TOTAL TTC : 23,164 millions de francs

L’appel à candidatures eut lieu le 8 septembre 1992. 28 entreprises se portèrent candidates ; 7 candidatures furent retenues et 4 " sous condition que ces entreprises s’associent à une entreprise expérimentée en travaux maritimes ". L’ouverture des plis se déroula en juin 1993. 5 entreprises avaient remis des offres, dont une, l’entreprise Bouygues Offshore, avec variantes. Les variantes proposées par cette société portaient essentiellement sur les dimensions et les modes de construction de la digue de protection, prévue en enrochements dans la solution administrative, et proposée sous forme de colonnes ballastées ou pieux par la société.

==== L’entreprise Bouygues était la moins-disante en solution de base avec la remise des prix suivante :

Pour la tranche ferme : 33,790 millions de francs

Pour la tranche conditionnelle : 7,547 millions de francs TTC

TOTAL TTC : 41,337 millions de francs

L’appel d’offres ne fut pas déclaré infructueux et l’entreprise Bouygues fut retenue avec demande d’étude des variantes. L’offre fut finalement acceptée par la commune maître d’ouvrage le 14 décembre 1993, pour la somme de 41,840 millions de francs TTC (avec les variantes décidées).

Le 15 décembre 1993, un avenant (N°1) fut passé avec la société Bouygues pour la " construction d’une route de desserte ". Le montant TTC de 4.705.938 francs portait ainsi le marché initial de 41.840.391,76 francs à 46.546.329,76 francs, soit une augmentation de 11 %.

Le 19 avril 1996, un avenant (N°3) vint modifier l’avenant N°1. Il indiqua que les travaux de réalisation de la route du front de mer ne devaient pas être réalisés. Le coût d’ensemble des travaux effectués par Bouygues fut arrêté par la société à la somme de 36.948.697,06 francs. Le décompte général et définitif, établi par la DDE le 26 septembre 1996 et signé par l’entreprise le 9 octobre 1996, arrêta le coût des travaux à la somme de 38.732.000 francs TTC.

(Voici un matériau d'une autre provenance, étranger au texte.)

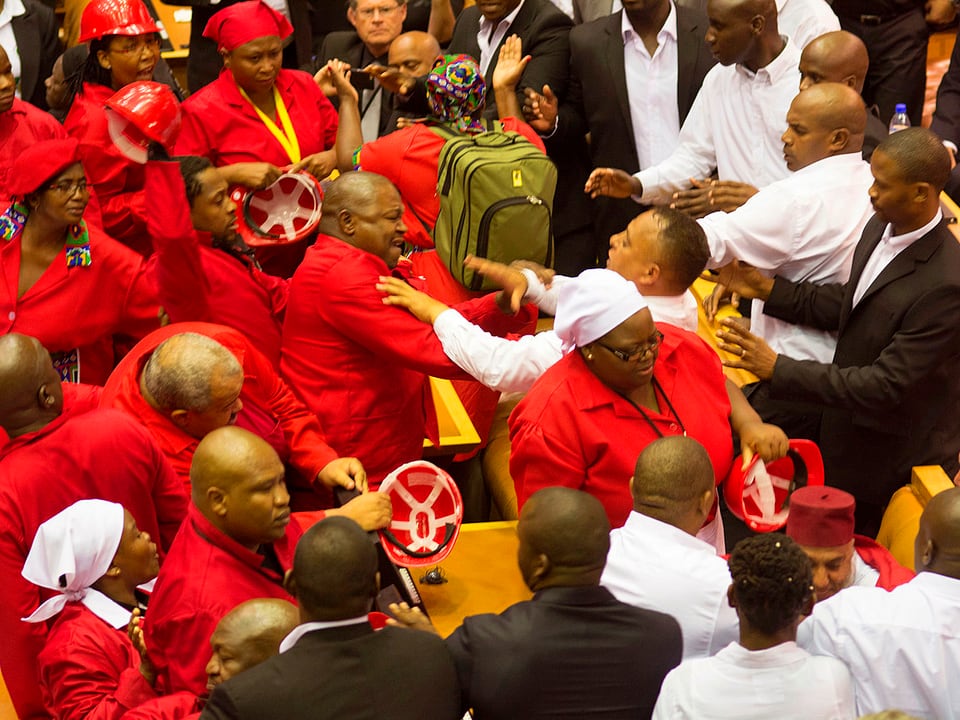Rotgekleidete Parlamentarier bei einer Rangelei im Parlamentssaal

Les travaux débutèrent le 18 juillet 1994 pour s’interrompre le 31 mai 1996. Aujourd’hui toutes les infrastructures portuaires ne sont pas achevées, comme la commission d’enquête a pu le constater lors d’un déplacement à Propriano. L’extension du port de plaisance est donc utilisée en l’état.

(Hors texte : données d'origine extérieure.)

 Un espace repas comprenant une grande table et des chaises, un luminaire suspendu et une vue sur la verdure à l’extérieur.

Quant à la partie routière de l’opération, il faut noter qu’au cours du comité de suivi du 16 novembre 1993 du programme " Interreg 1 ", le maire de la commune de Propriano obtint le financement de la voie d’accès au port de commerce longeant et reliant le port de plaisance selon les modalités suivantes :

==== Coût des travaux : 6 millions de francs

50 % sur fonds du FEDER et 50 % à la charge de la commune.

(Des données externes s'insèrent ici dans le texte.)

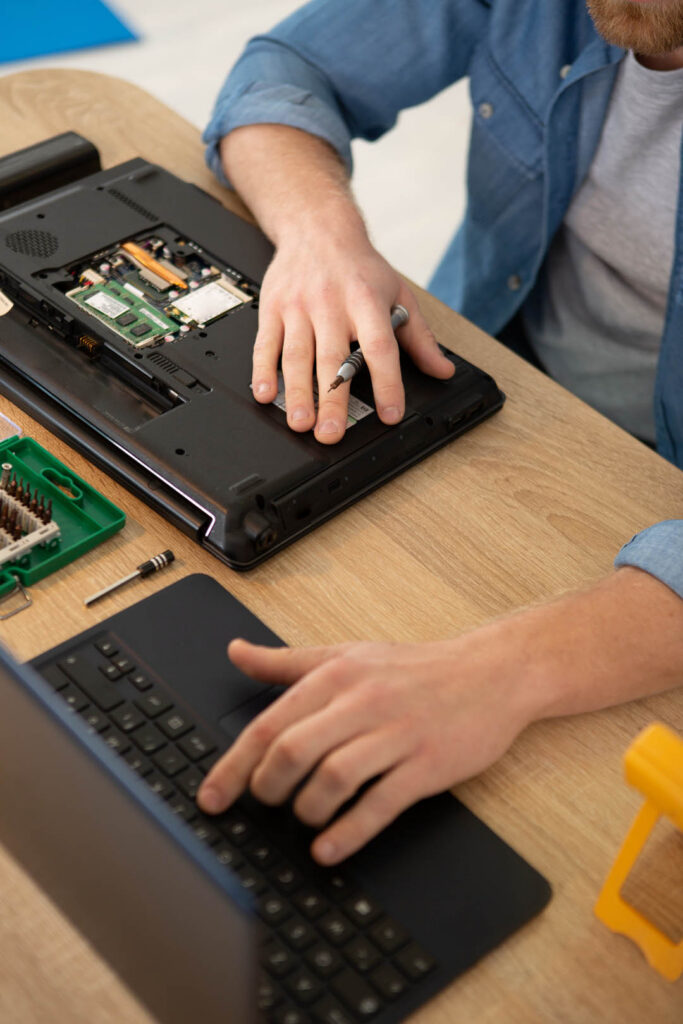 close up of a man examining laptop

Le 14 décembre 1993, un marché fut passé avec l’entreprise Delovo pour la construction d’une plate-forme d’enrochement et de protection de la route du front de mer (pour un montant de 1.305.720 francs). L’ordre de service fut notifié le 14 décembre 1993, mais ce marché ne donna lieu à aucune exécution.

En application de la réglementation européenne, les travaux devaient être engagés avant le 31 décembre 1993. L’arrêté attributif de subvention FEDER fut pris par le préfet de Corse le 20 décembre 1993, pour une somme de 3 millions de francs. Un acompte de 1,5 million de francs fut versé à la commune le 30 décembre 1993. Il fit l’objet d’un ordre de reversement de 1,110 million le 19 février 1997. La commission d’enquête a constaté sur place que le marché Delovo, qui devait construire la route, n’avait en effet donné lieu à aucune exécution des travaux.

Ce point particulier fait l’objet de développements plus loin dans la partie du rapport concernant les possibilités de fraude aux fonds européens.

( LES REACTIONS DE L’ENTREPRISE BOUYGUES OFFSHORE

En réponse à une correspondance du préfet en date du 14 mai 1997, la société Bouygues lui fit savoir qu’elle avait convenu avec le maire de Propriano de différer le règlement des sommes dues, de considérer que la créance s’élèverait à 32.800.000 francs (principal et intérêt) et que ce montant devrait être acquitté par la commune pour le 20 juin 1999.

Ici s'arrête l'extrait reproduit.